Is there a word to describe a Tin Pan Alley tune’s premeditated murder? Melodicide? Euthananthem? Whatever you call it, the crime seems lately to know no better practitioner than Richard Perry. Having enabled Rod Stewart to slaughter “These Foolish Things,” “Bewitched,” “Night and Day” and some three dozen others across three bloodless discs, Perry takes aim at Carly Simon.

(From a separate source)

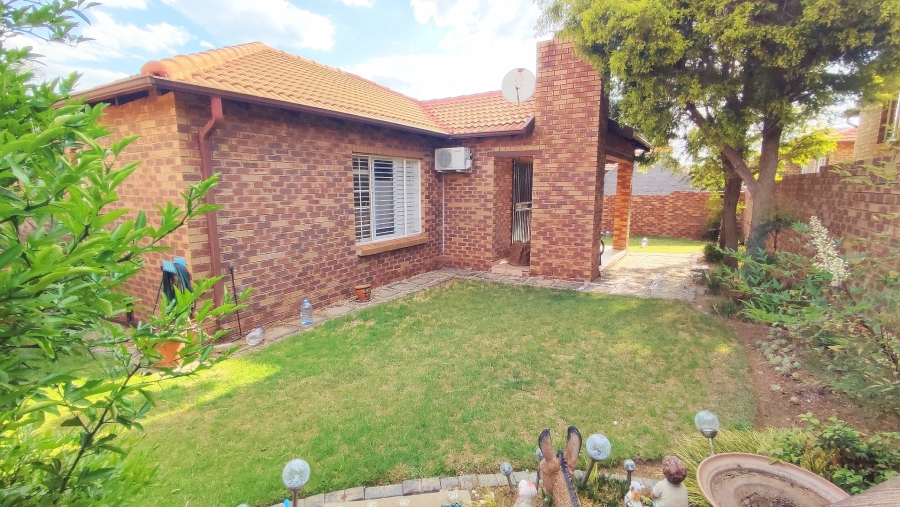 2 Bedroom Property for Sale in Rooihuiskraal North Gauteng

That Perry has, in the past, proven exceptionally gifted at pop puppet mastery is undeniable. One need look no further than his long-ago work with Simon on No Secrets, which served up the pop masterpiece “You’re So Vain,” and Hotcakes, with its effectively assertive “Haven’t Got Time for the Pain.” But as the Stewart discs so gratingly prove, apply the same athletic production principles to the delicate ilk of “All the Things You Are,” “In the Still of the Night” or “Moonglow” and it’s like drowning kittens in frat-party-sized beer kegs.
As demonstrated on her three previous collections of standards (respectively showcasing the keenly appropriate control-room gentility of Marty Paich, Mike Mainieri and Jimmy Webb), Simon has both the chops and the intelligence to make this material work for her. She deserves better than this overcooked pabulum.